Il PEI non basta: il vero obiettivo è il progetto di vita

🎯Obiettivo: il progetto di vita

Il PEI rappresenta uno strumento centrale nella progettazione educativa degli studenti con disabilità. Tuttavia una scuola realmente inclusiva è chiamata a guardare oltre la dimensione scolastica, sostenendo la costruzione di un progetto di vita che accompagni la persona verso l’autonomia e la partecipazione sociale.

📌 Questo articolo è per:

✅ docenti curricolari
✅ docenti di sostegno
✅ genitori
✅dirigenti
✅staff di inclusione

📌Il progetto di vita: non finisce tutto con il diploma

Quando parliamo di inclusione scolastica, spesso pensiamo al PEI, alle verifiche, agli strumenti compensativi.
Ma c’è una domanda molto più grande che dovremmo porci:

👉 Cosa succede dopo la scuola?

Il percorso educativo degli studenti con disabilità non può fermarsi alle mura dell’aula. Deve accompagnare la persona verso l’età adulta, l’autonomia e la partecipazione sociale.

📌Riferimenti normativi

Per tutelare e promuovere l’adultità delle persone con disabilità,  la normativa italiana ha introdotto strumenti importanti.

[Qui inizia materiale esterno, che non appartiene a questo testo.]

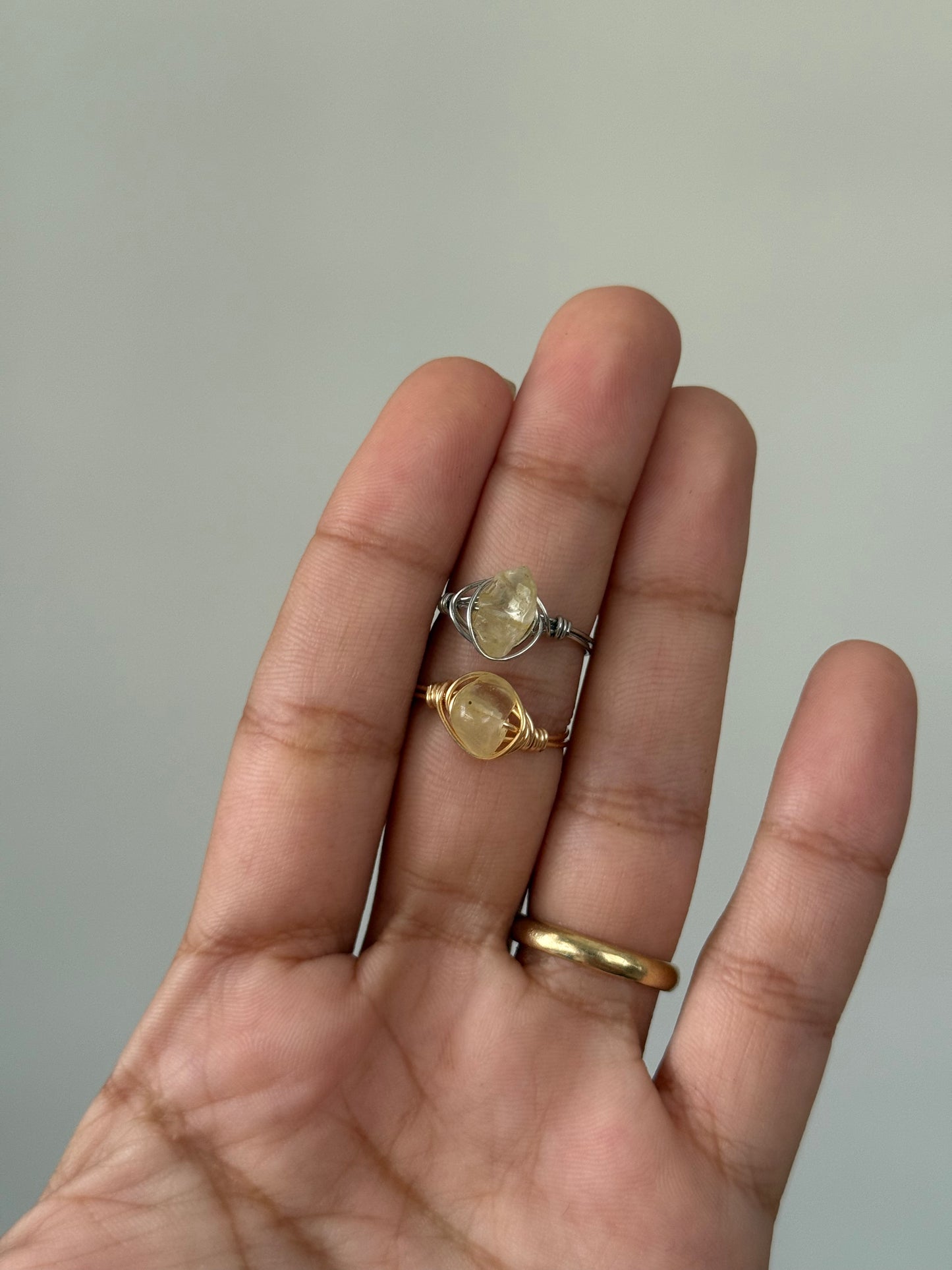 Simple crystal wire ring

L’art. 14 della Legge 328/2000 ha previsto il Progetto Individuale, pensato per coordinare gli interventi educativi, sociali e sanitari.

Più recentemente il Decreto Legislativo 62/2024, attuativo della Legge 227/2021, ha introdotto il Progetto di vita personalizzato e partecipato.

Un cambiamento importante, che si ispira al modello ICF ” International Classification of Functioning, Disability and Health.”

Questo modello ci ricorda una cosa fondamentale:

➡️ la disabilità non riguarda solo la persona
➡️ ma nasce dall’interazione tra persona e contesto

Ecco perché il progetto di vita non riguarda solo la scuola, ma  coinvolge:

  • scuola
  • famiglia
  • servizi sociali
  • servizi sanitari
  • territorio

📝 Il ruolo della scuola

La scuola non redige direttamente il progetto di vita, ma può contribuire in modo decisivo attraverso la progettazione educativa.

Il Decreto Ministeriale 182/2020 prevede infatti nel PEI una sezione dedicata al raccordo con il progetto di vita.

Questo significa che, quando progettiamo il percorso di uno studente, dovremmo iniziare a chiederci:

  • quali autonomie sviluppare
  • quali competenze valorizzare
  • quali opportunità potrà avere nel futuro.

L’obiettivo non è solo far superare l’anno scolastico.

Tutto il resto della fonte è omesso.